DTD manipulation

26 June, 2008 at 20:28 1 comment

Document Type Definition (DTD) is one of several SGML and XML schema languages, and is also the term used to describe a document or portion thereof that is authored in the DTD language. A DTD is primarily used for the expression of a schema via a set of declarations that conform to a particular markup syntax and that describe a class, or type, of document, in terms of constraints on the structure of that document. A DTD may also declare constructs that are not always required to establish document structure, but that may affect the interpretation of some documents. XML documents are described using a subset of DTD which imposes a number of restrictions on the document’s structure, as required per the XML standard (XML is in itself an application of SGML optimized for automated parsing).

DTD is native to the SGML and XML specifications, and since its introduction other specification languages such as XML Schema and RELAX NG have been released with additional functionality.

As an expression of a schema, a DTD specifies, in effect, the syntax of an “application” of SGML or XML, such as the derivative language HTML or XHTML. This syntax is usually a less general form of the syntax of SGML or XML.

In a DTD, the structure of a class of documents is described via element and attribute-list declarations. Element declarations name the allowable set of elements within the document, and specify whether and how declared elements and runs of character data may be contained within each element. Attribute-list declarations name the allowable set of attributes for each declared element, including the type of each attribute value, if not an explicit set of valid value(s).
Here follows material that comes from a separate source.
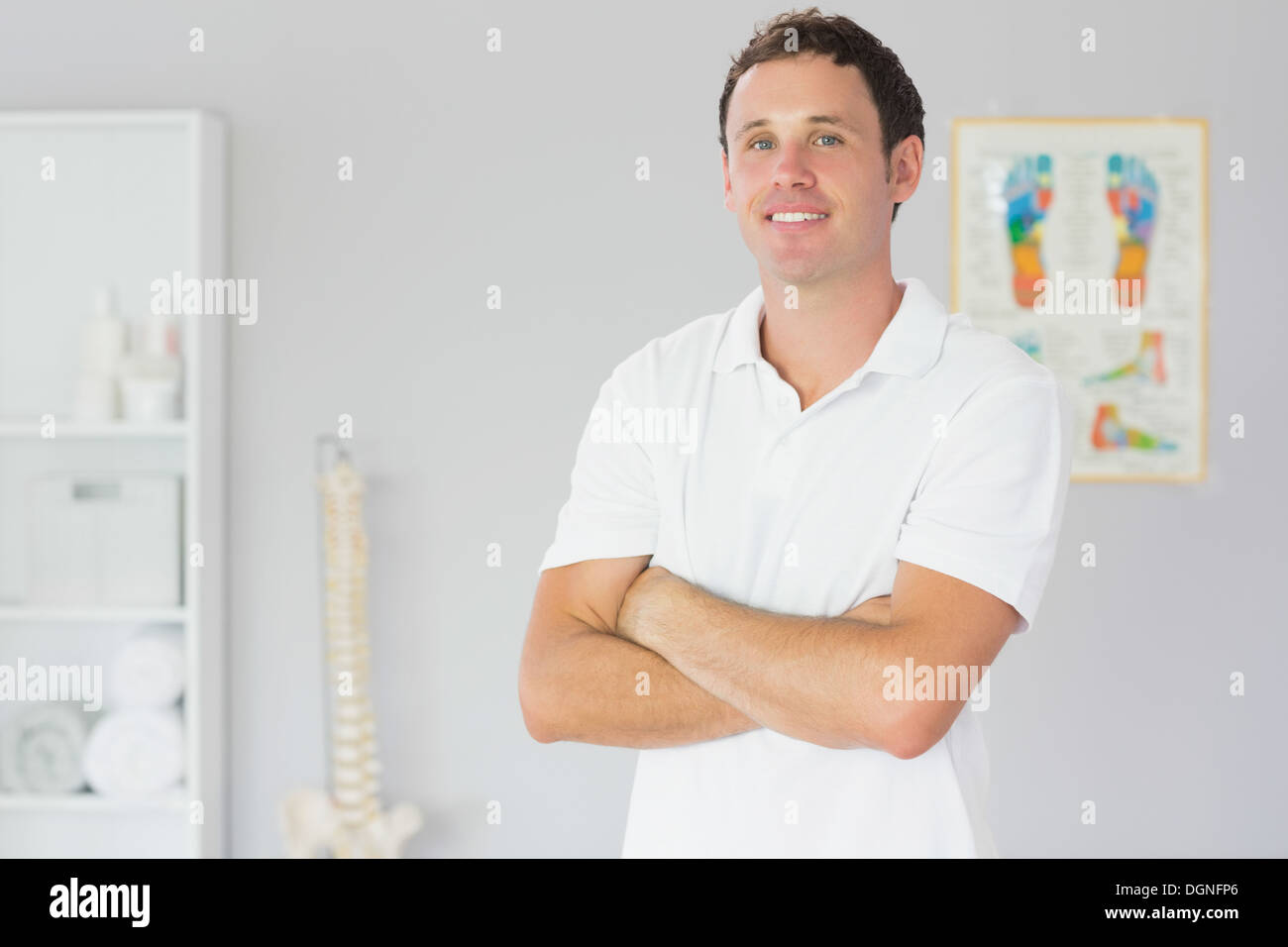 Bello felice fisioterapista in piedi con le braccia incrociate Foto Stock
Converts a DTD to an XML Schema with dtd2xs

Dtd2Xs allows to convert complex, modularized XML DTDs and DTDs with
namespaces to XML Schemas. As an example of Dtd2Xs conversion check
out DocBook XML Schema generated from XML DocBook DTD V4.2, and XSL-FO
Schema generated from XSL-FO DTD.

Platforms:
Win32, Linux

License:
Free for non-profit activities

dtd2xs example

Using dtd2xs to Convert DTD’s with Namespaces

To correctly handle namespaces, dtd2xs must be provided with namespace mapping and target namespace prefix information from command-line (it is not possible to deduce it from DTD itself). Default behavior of dtd2xs is to ignore elements with unmapped prefixes.

In the following examples we will use XSL Formatting Objects (XSL-FO) DTD as an example. The DTD file, fo.dtd, contains definition of a standard XSL-FO plus extensions for RenderX XSL-FO renderer. Standard elements and attributes are defined with fo prefix; RenderX extensions use different namespace and have rx prefix.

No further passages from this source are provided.